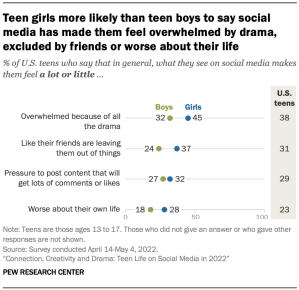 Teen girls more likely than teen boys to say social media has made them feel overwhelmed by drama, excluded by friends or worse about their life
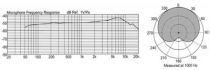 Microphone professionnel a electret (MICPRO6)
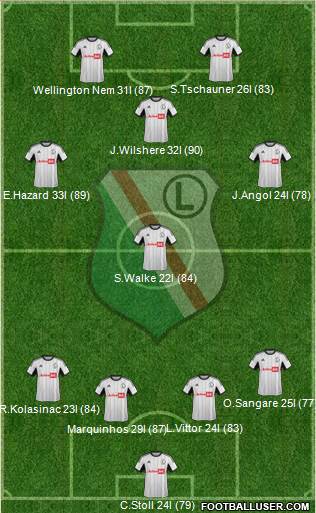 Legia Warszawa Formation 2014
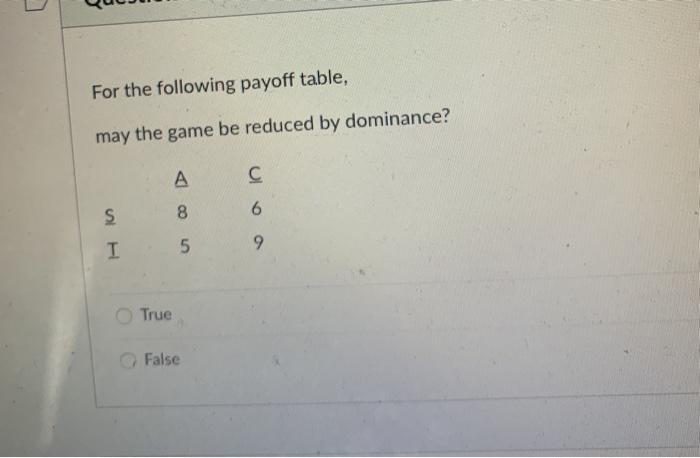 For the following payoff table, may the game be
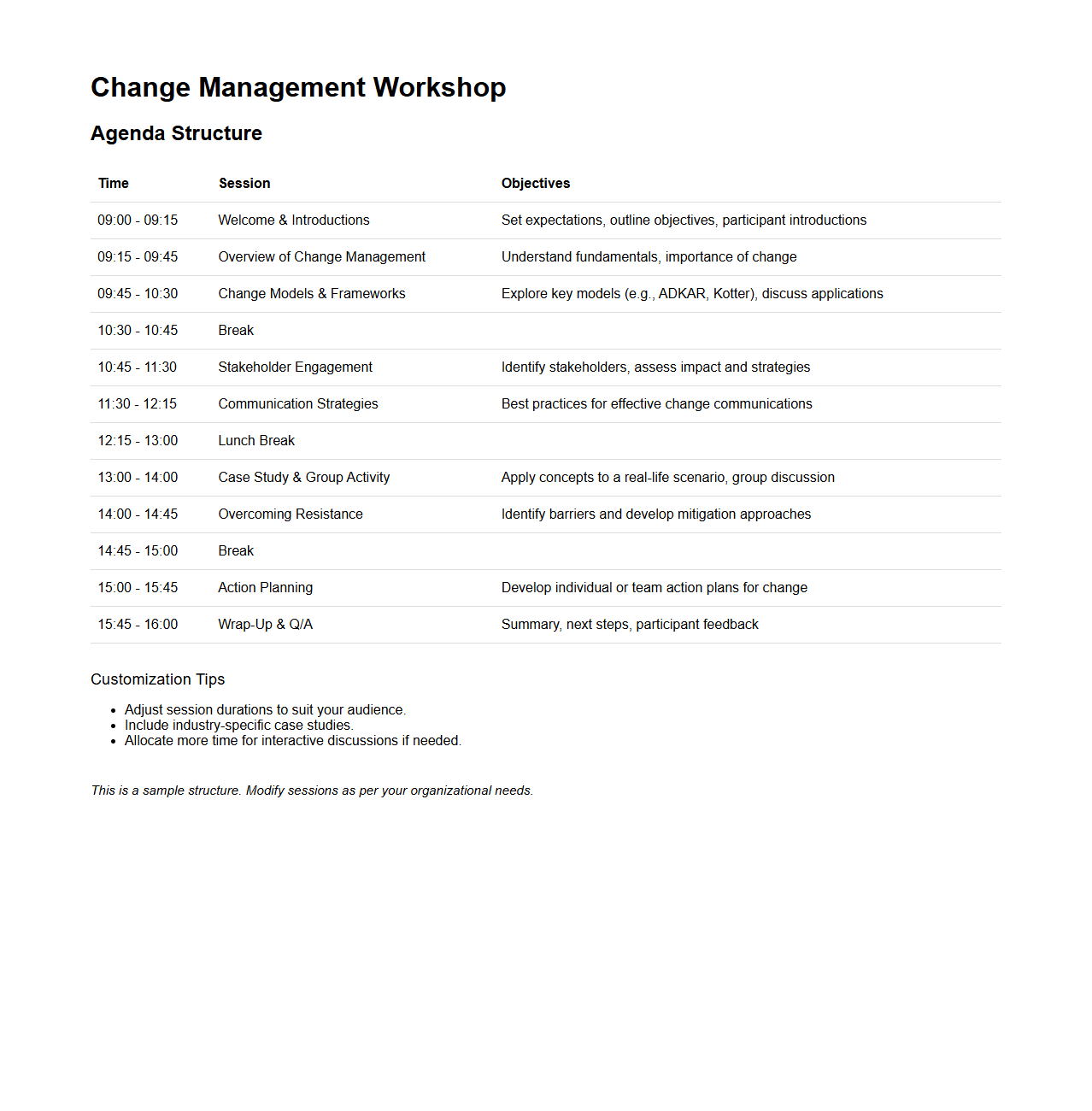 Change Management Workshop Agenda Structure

━━━

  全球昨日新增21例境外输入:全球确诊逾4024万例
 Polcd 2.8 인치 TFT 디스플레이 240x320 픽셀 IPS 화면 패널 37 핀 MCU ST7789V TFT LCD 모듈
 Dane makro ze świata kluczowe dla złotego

━━━

> [Assignment] Within the listing above, the lines from the one with "Teen girls more" through the one with "Change Management Workshop Agenda Structure" are to be given again word for word. Do not include pictures.

> [Reply]
 Teen girls more likely than teen boys to say social media has made them feel overwhelmed by drama, excluded by friends or worse about their life
 Microphone professionnel a electret (MICPRO6)
 Legia Warszawa Formation 2014
 For the following payoff table, may the game be
 Change Management Workshop Agenda Structure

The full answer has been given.